### Given entries

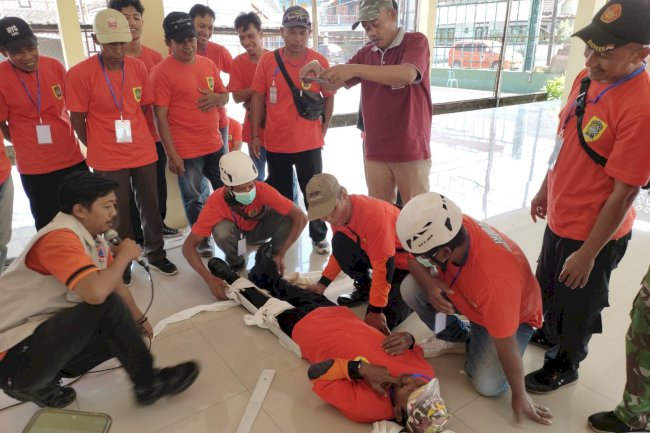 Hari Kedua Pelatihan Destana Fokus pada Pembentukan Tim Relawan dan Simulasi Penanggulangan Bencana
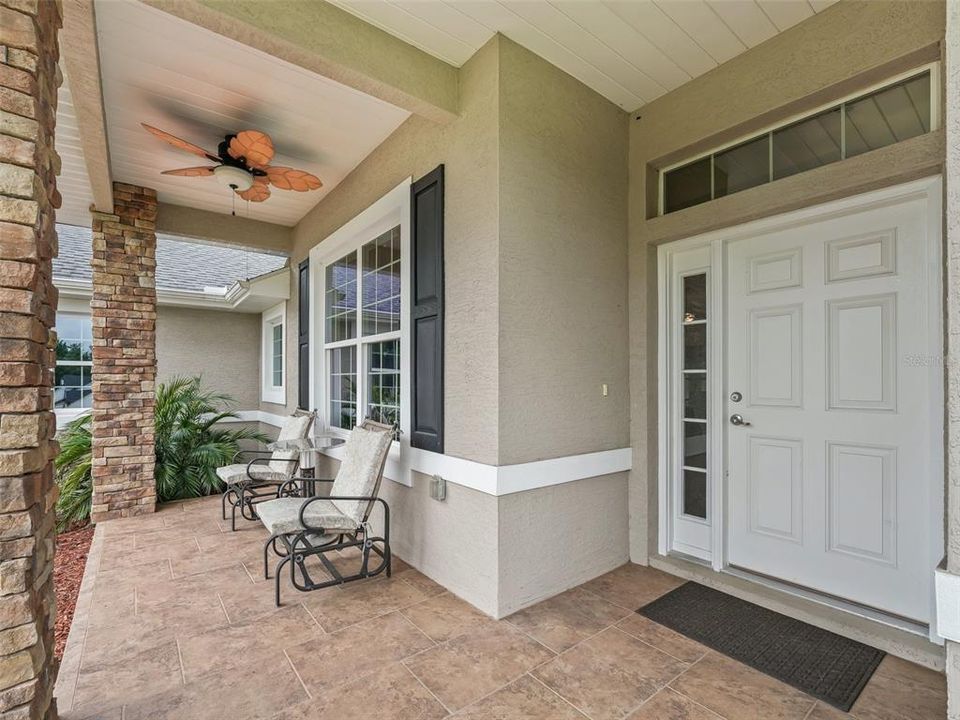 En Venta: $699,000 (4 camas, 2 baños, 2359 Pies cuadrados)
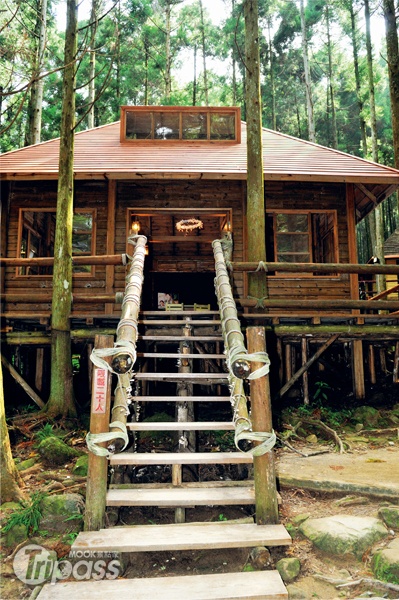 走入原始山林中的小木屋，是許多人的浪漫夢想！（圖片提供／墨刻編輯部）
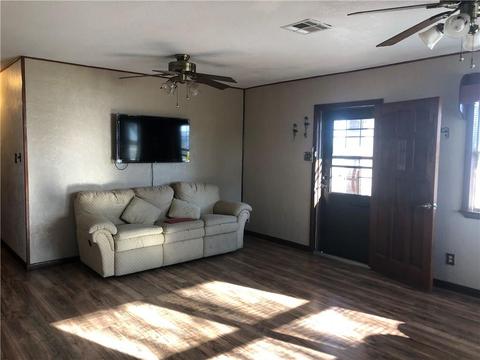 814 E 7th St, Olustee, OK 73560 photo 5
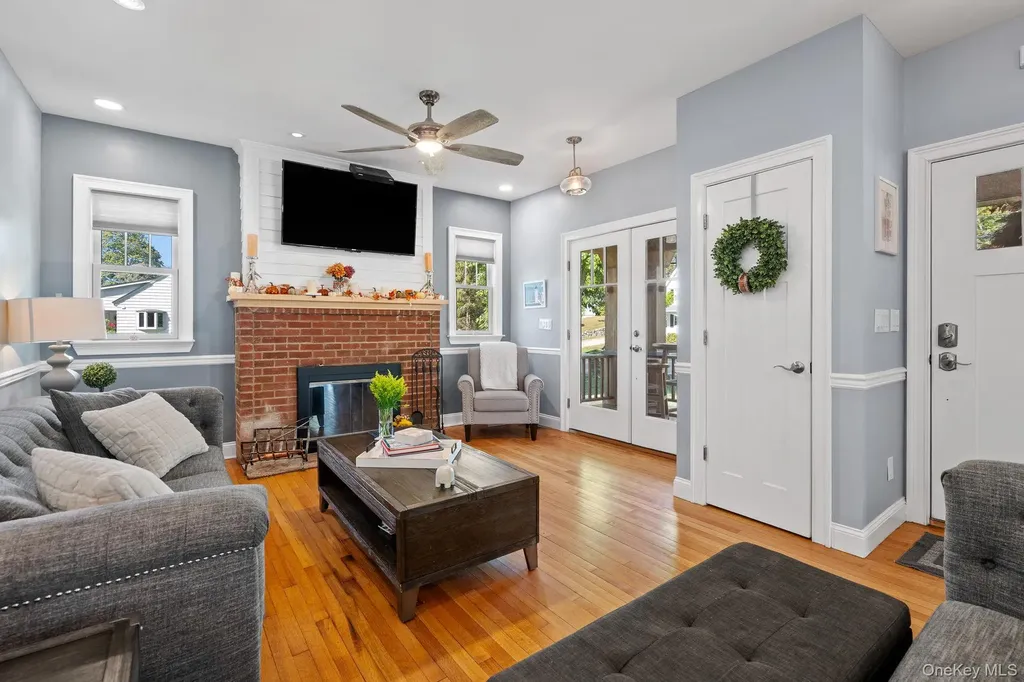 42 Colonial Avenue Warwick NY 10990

######

Exercise directions –
The copy must begin at the line containing "En Venta: $699,000" and end at the last line of the data above, with every line retyped exactly and no pictures included.

Result of the exercise –
 En Venta: $699,000 (4 camas, 2 baños, 2359 Pies cuadrados)
 走入原始山林中的小木屋，是許多人的浪漫夢想！（圖片提供／墨刻編輯部）
 814 E 7th St, Olustee, OK 73560 photo 5
 42 Colonial Avenue Warwick NY 10990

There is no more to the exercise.